• INPUT DATA:
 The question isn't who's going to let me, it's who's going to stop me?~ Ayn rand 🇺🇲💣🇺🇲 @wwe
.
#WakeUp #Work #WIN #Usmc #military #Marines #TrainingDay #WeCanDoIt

---

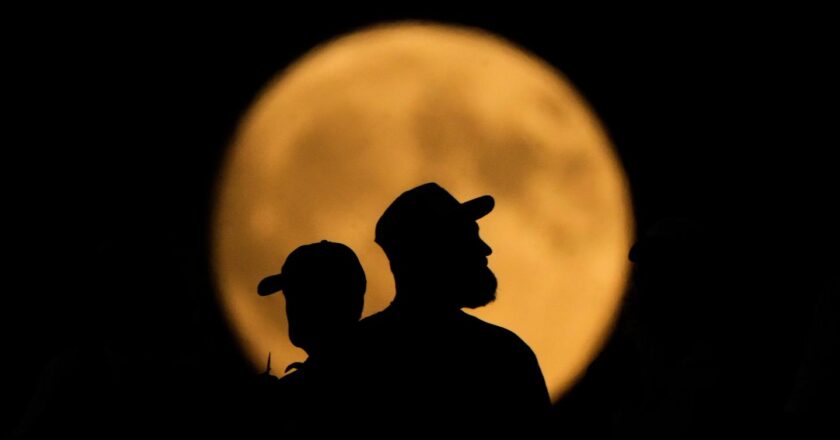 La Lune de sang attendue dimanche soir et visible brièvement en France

• DIRECTIONS FOR THIS TASK: Both end lines included, restate word for word the lines above from the line with "The question isn't" to the line with "#WakeUp #Work #WIN", and nothing else.

• EXERCISE OUTPUT:
 The question isn't who's going to let me, it's who's going to stop me?~ Ayn rand 🇺🇲💣🇺🇲 @wwe
.
#WakeUp #Work #WIN #Usmc #military #Marines #TrainingDay #WeCanDoIt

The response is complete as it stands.